As she grew older and began to realize that writing is not always pass or fail, she discovered how to use creative writing as an outlet for expression.
“A Little Something Different,” scheduled for publication in August, is a love story about two college students. She said the book takes a unique approach with constructing the viewpoint of its characters.
“Instead of being told from their perspective, it’s told from the perspective of everyone around them,” she said. “So their creative writing professor, friends, a barista, their bus driver — just a whole bunch of different people share an angle.”
Hall took that approach mostly because she had never read anything like it before and thought it would be interesting to try.
“A lot of writing advice is to stay out of your character’s head, so clearly this is an effective way of staying out of their head,” she said.
Hall wrote the book after she saw a competition for publication on Swoon Reads’ website. She read an article about their organization and decided to give it a try by writing her draft for the competition.
The novel took about a month to write.
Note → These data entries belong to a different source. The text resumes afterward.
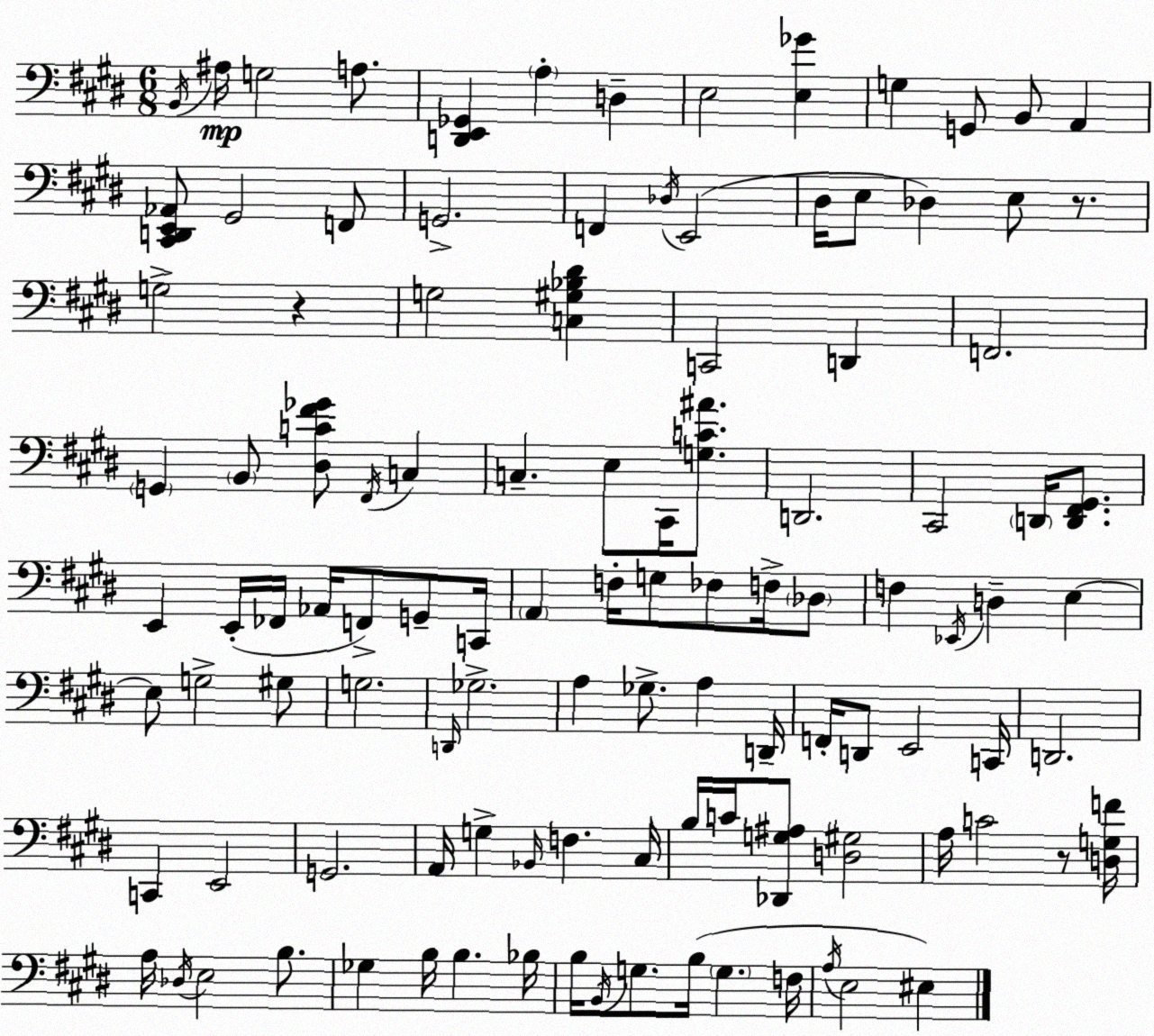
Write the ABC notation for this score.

X:1
T:Untitled
M:6/8
L:1/4
K:E
B,,/4 ^A,/4 G,2 A,/2 [D,,E,,_G,,] A, D, E,2 [E,_G] G, G,,/2 B,,/2 A,, [^C,,D,,E,,_A,,]/2 ^G,,2 F,,/2 G,,2 F,, _D,/4 E,,2 ^D,/4 E,/2 _D, E,/2 z/2 G,2 z G,2 [C,^G,_B,^D] C,,2 D,, F,,2 G,, B,,/2 [^D,C^F_G]/2 ^F,,/4 C, C, E,/2 ^C,,/4 [G,C^A]/2 D,,2 ^C,,2 D,,/4 [D,,^F,,^G,,]/2 E,, E,,/4 _F,,/4 _A,,/4 F,,/2 G,,/2 C,,/4 A,, F,/4 G,/2 _F,/2 F,/4 _D,/2 F, _E,,/4 D, E, E,/2 G,2 ^G,/2 G,2 D,,/4 _G,2 A, _G,/2 A, D,,/4 F,,/4 D,,/2 E,,2 C,,/4 D,,2 C,, E,,2 G,,2 A,,/4 G, _B,,/4 F, ^C,/4 B,/4 C/4 [_D,,G,^A,]/2 [D,^G,]2 A,/4 C2 z/2 [D,G,F]/4 A,/4 _D,/4 E,2 B,/2 _G, B,/4 B, _B,/4 B,/4 B,,/4 G,/2 B,/4 G, F,/4 A,/4 E,2 ^E,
Hall said she enjoyed the process and getting involved with the story.
“It feels like a big responsibility to be their first publication,” she said. “I want to represent them really well and have something awesome to produce for them.”
Hall plans to appear at the RT Booklovers Convention in New Orleans and Book Expo America in New York. She also plans to go on a book tour when the novel is published.
Hall keeps a Google document where she keeps scattered writing topics for future use. She has written two other novels and constantly adds to her list of ideas, but nothing is currently in the works.
Despite her breakthrough, Hall thinks writing is hard and different for everybody, but tells aspiring writers not to give up.
“It’s important to have an innate talent, but it’s also more crucial to just practice,” she said. “Anybody can put something out there today, especially with things like self-publishing — it’s an ever-changing market.”
According to a story from NPR, Swoon Reads plans to publish 100,000 copies of the book.
Sarah Colantonio, a School of Arts and Sciences senior, wrote a story about Hall because her work was an object of interest.
At the time Colantonio wrote the story, her novel had not yet formally come to fruition.